RobbBB comments on The genie knows, but doesn't care - Less Wrong
You are viewing a comment permalink. View the original post to see all comments and the full post content.
You are viewing a comment permalink. View the original post to see all comments and the full post content.
Comments (515)
On one hand, Friendly AI people want to convert "make me happy" to a formal specification. Doing that has many potential pitfalls. because it is a formal specification.
On the other hand, Richard, I think, wants to simply tell the AI, in English, "Make me happy." Given that approach, he makes the reasonable point that any AI smart enough to be dangerous would also be smart enough to interpret that at least as intelligently as a human would.
I think the important question here is, Which approach is better? LW always assumes the first, formal approach.
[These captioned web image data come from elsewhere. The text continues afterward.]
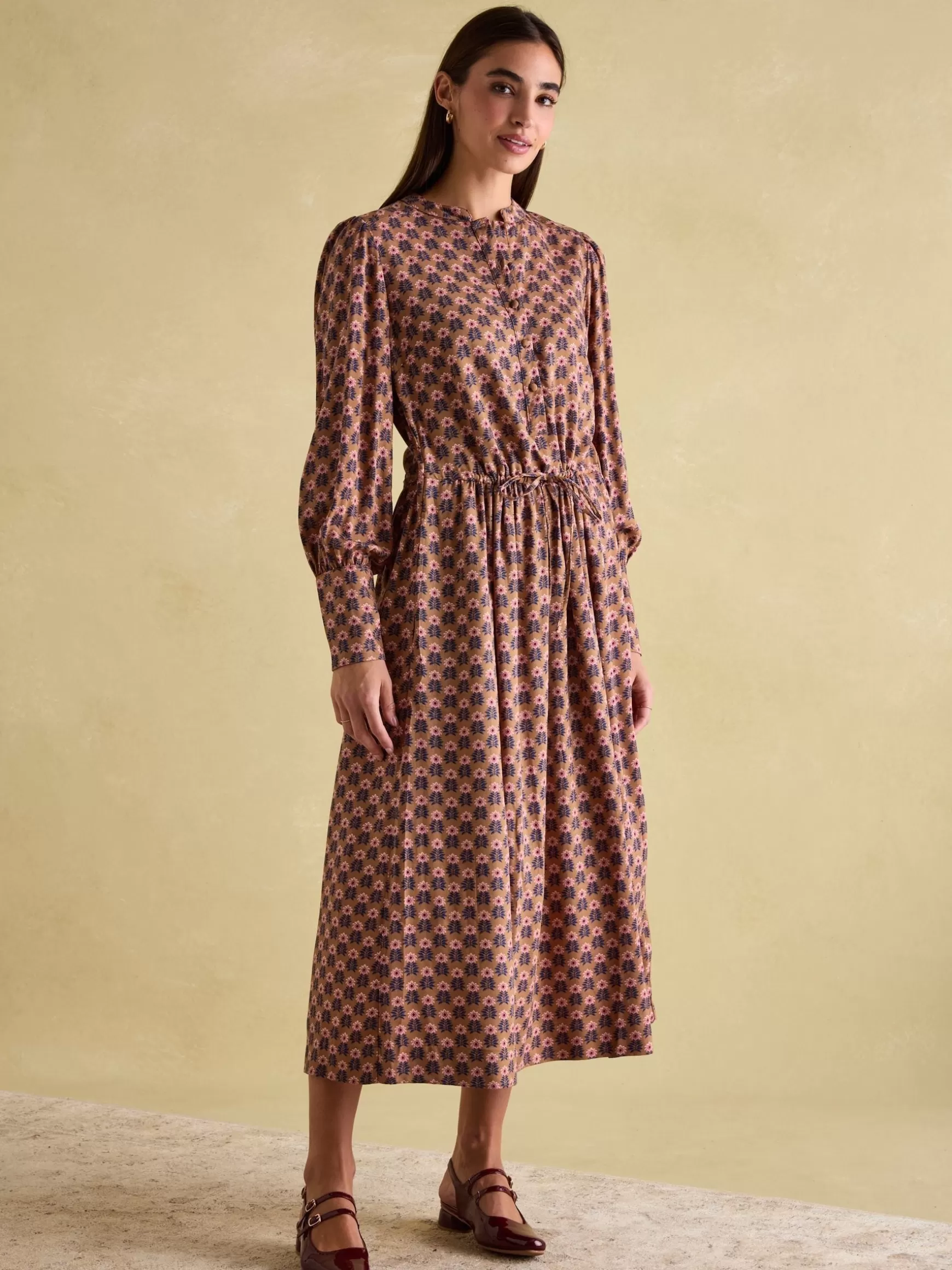 Aster Tie Waist Midi Dress^Joules Best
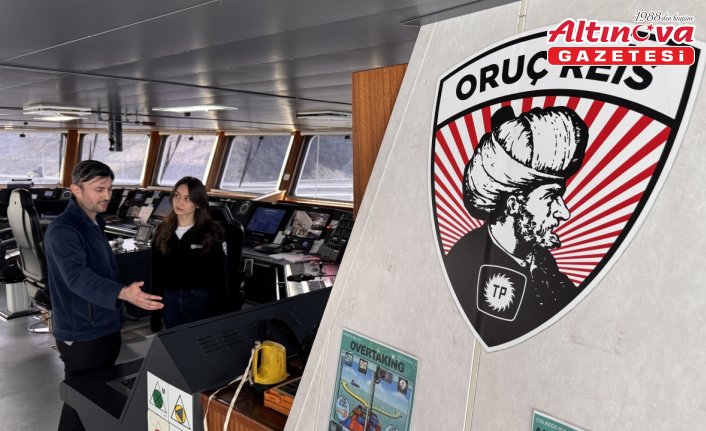 Oruç Reis Sismik Araştırma Gemisinin operasyonel süreç takibinde kadın gücü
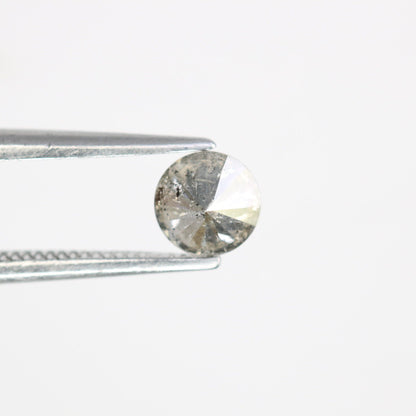 0.43 Carat Salt and Pepper Round Brilliant Diamond for Engagement Rings | Perfect Anniversary, Engagement, Birthday, or Wedding Gift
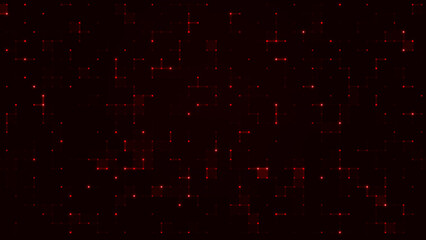 Dark Red Digital Technology Grid Pattern Background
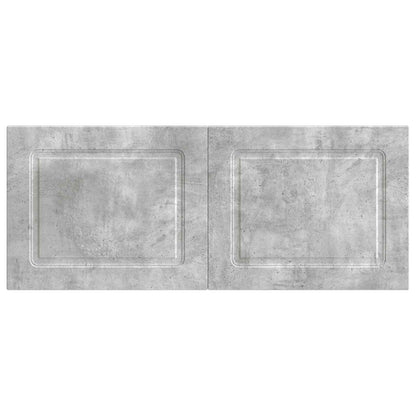 Wall-Mounted Headboard UTRECHT Concrete Grey Engineered Wood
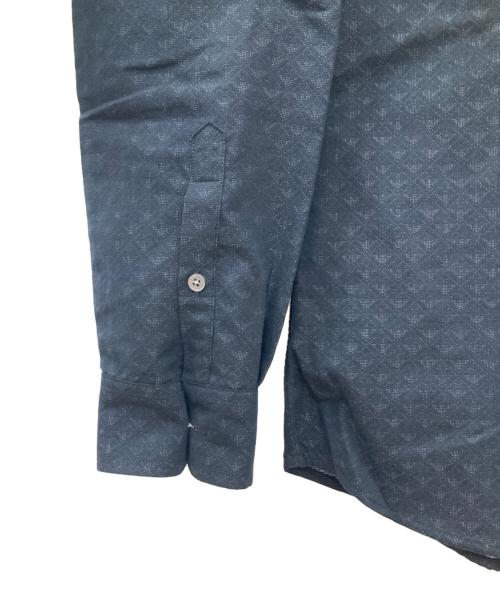 EMPORIO ARMANI（エンポリオアルマーニ）EMPORIO ARMANI (エンポリオアルマーニ) 総柄レギュラーフィットシャツ ブラック サイズ:Sの古着・服飾アイテム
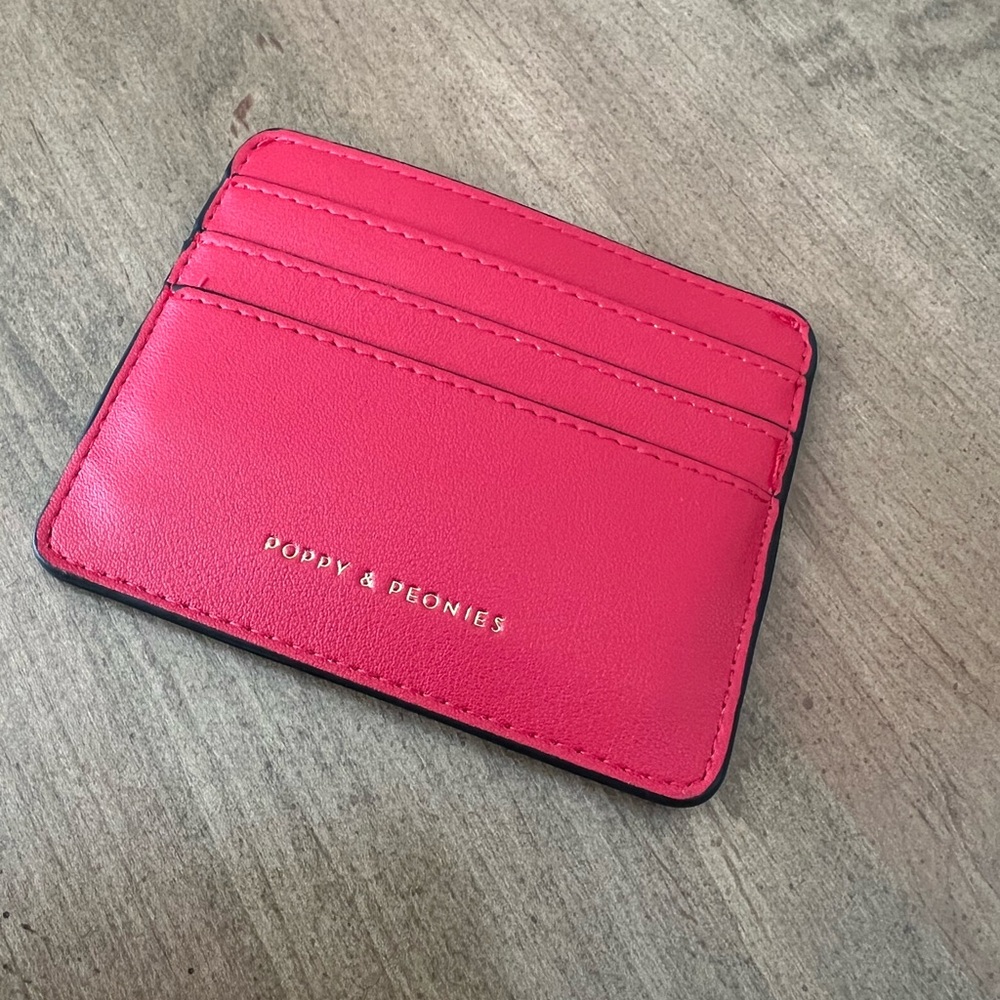 Poppy & Peonies new red Card Holder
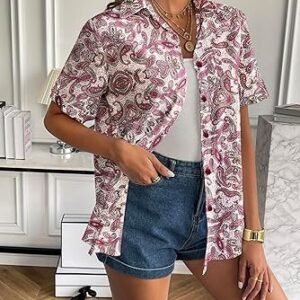 91gqqlSZMmL._AC_SY445_.jpg Women's Short Sleeve Blouse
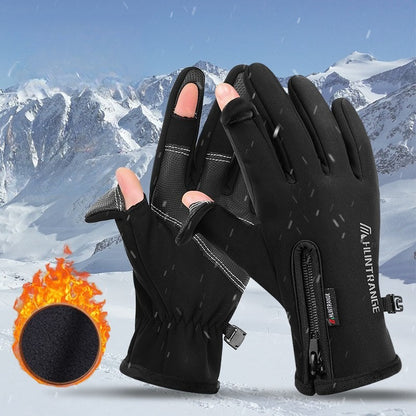 Gants chauffants d'extérieur VL™ coupe-vent et imperméables avec velours Plus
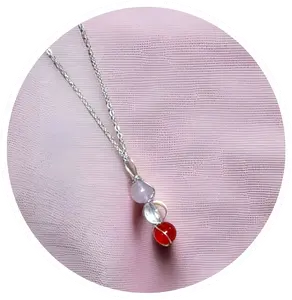 Self Love Healing Crystal Necklace, Rose Quartz, carnelian, Quartz Heart Healing, Love Attraction, Inner Peace, Healing from past relationships ,wire wrapped healing gemstone necklace, crystal combination for self love, self acceptance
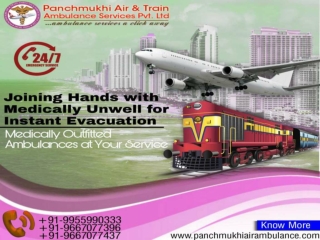 Take Specialized Doctors Facility by Panchmukhi Train Ambulance Service in Guwahati and Jamshedpur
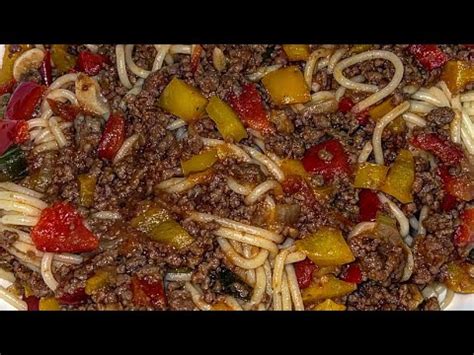 Sauce Bolognaise Aux Poivrons Recette Rapide Et Facile Faire Youtube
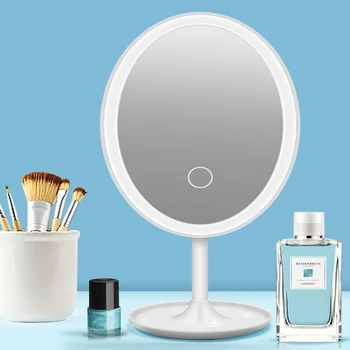 

LED Makeup Mirror With Light Touch Dimmer Mirror Multifunctional Desktop LED Light Fill Light Mirror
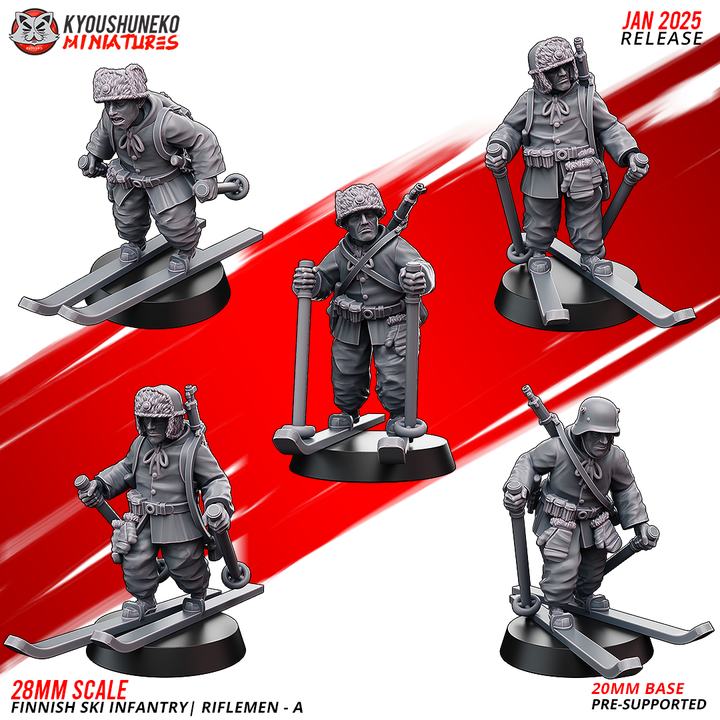 Finnish Ski Infantry Riflemen - A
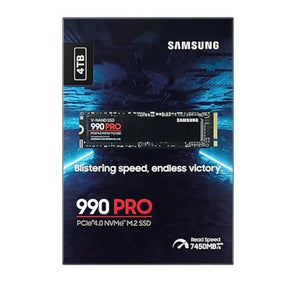 SSD|SAMSUNG|990 PRO|4TB|M.2|PCIe Gen4|NVMe|TLC|Write speed 6900 MBytes/sec|Read speed 7450 MBytes/sec|2.3mm|TBW 2400 TB|MTBF 1500000 hours|MZ-V9P4T0BW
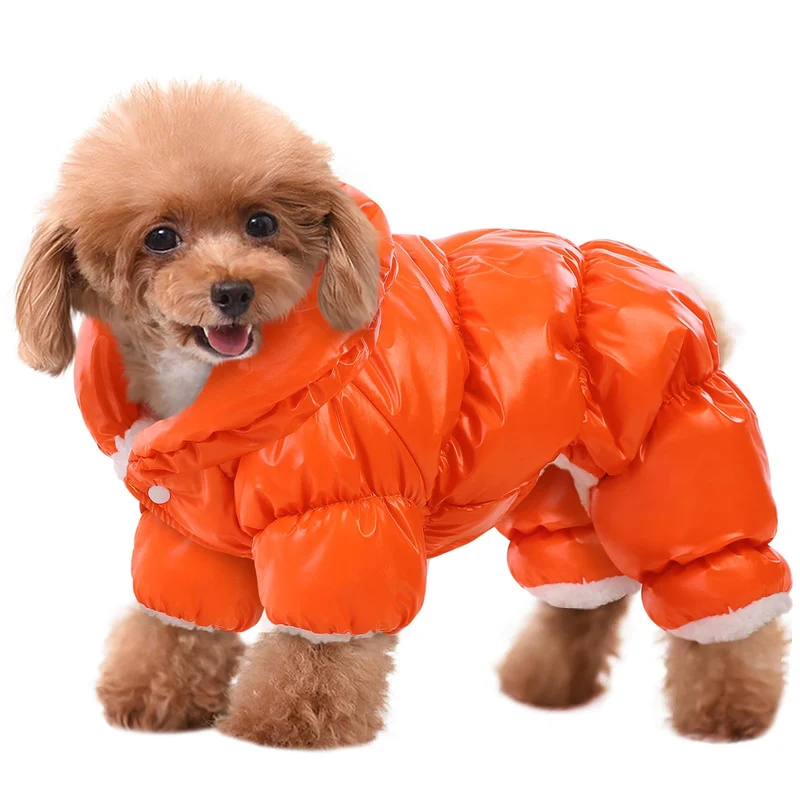 AOFITEE Manteau chien hiver chaud avec pattes – Doudoune imperméable pour petits chiens
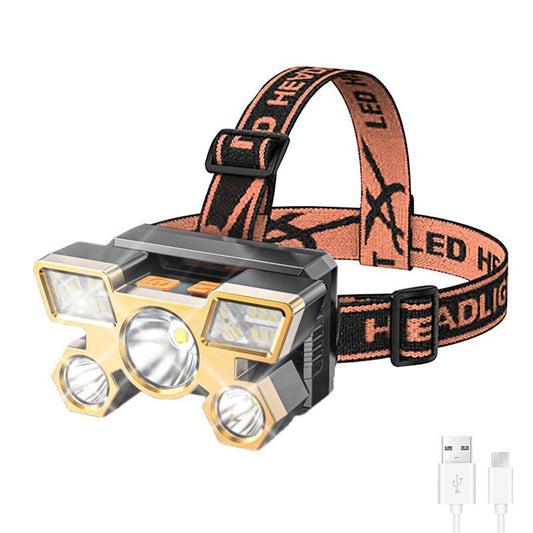 Miners Head Lamp Torch Flashlight LED Rechargeable Super Bright Powerful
To be more specific (and Bayesian): Which approach gives a higher expected value? Formal specification is compatible with Eliezer's ideas for friendly AI as something that will provably avoid disaster. It has some non-epsilon possibility of actually working. But its failure modes are many, and can be literally unimaginably bad. When it fails, it fails catastrophically, like a monotonic logic system with one false belief.
"Tell the AI in English" can fail, but the worst case is closer to a "With Folded Hands" scenario than to paperclips.
I've never considered the "Tell the AI what to do in English" approach before, but on first inspection it seems safer to me.
Relatedly, Phil: You above described yourself and Richard Loosemore as "the two people (Eliezer) should listen to most". Loosemore and I are having a discussion here. Does the content of that discussion affect your view of Richard's level of insight into the problem of Friendly Artificial Intelligence?